* **Task**:
The data must be reproduced verbatim; images are to be omitted.

(Task material)

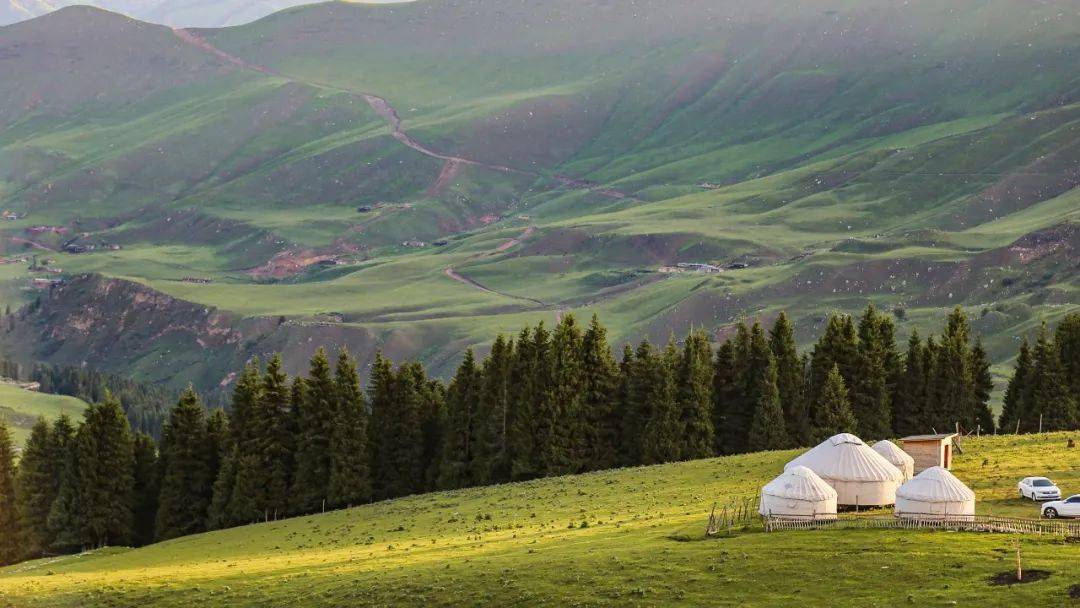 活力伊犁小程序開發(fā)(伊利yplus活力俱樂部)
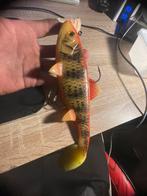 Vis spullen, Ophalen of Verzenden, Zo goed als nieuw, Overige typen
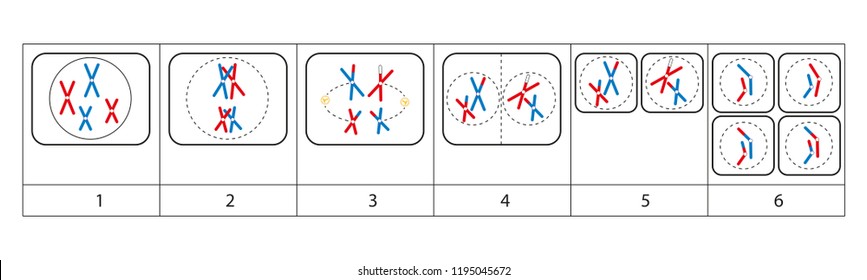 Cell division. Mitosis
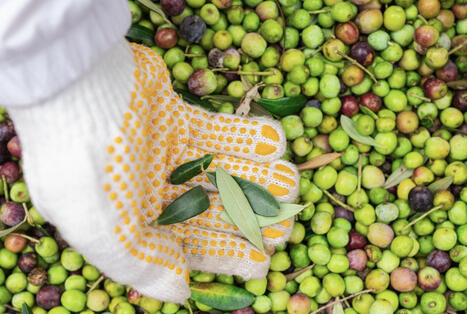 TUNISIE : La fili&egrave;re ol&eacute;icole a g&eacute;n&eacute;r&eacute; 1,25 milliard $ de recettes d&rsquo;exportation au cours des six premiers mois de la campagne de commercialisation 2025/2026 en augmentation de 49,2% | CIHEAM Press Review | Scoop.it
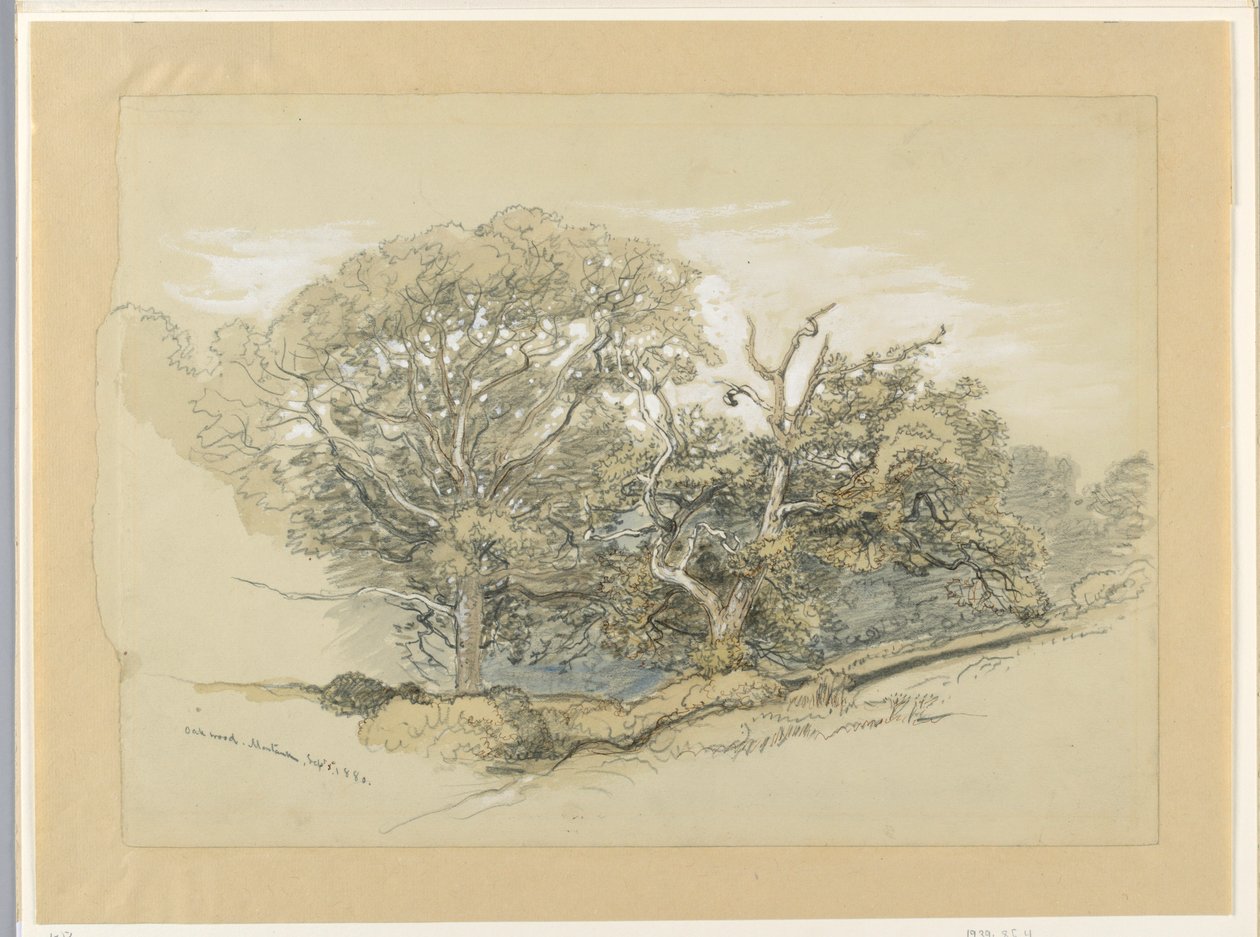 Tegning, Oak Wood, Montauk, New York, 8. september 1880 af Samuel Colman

(End Task material)

* **Answer for this exercise**:
 活力伊犁小程序開發(fā)(伊利yplus活力俱樂部)
 Vis spullen, Ophalen of Verzenden, Zo goed als nieuw, Overige typen
 Cell division. Mitosis
 TUNISIE : La fili&egrave;re ol&eacute;icole a g&eacute;n&eacute;r&eacute; 1,25 milliard $ de recettes d&rsquo;exportation au cours des six premiers mois de la campagne de commercialisation 2025/2026 en augmentation de 49,2% | CIHEAM Press Review | Scoop.it
 Tegning, Oak Wood, Montauk, New York, 8. september 1880 af Samuel Colman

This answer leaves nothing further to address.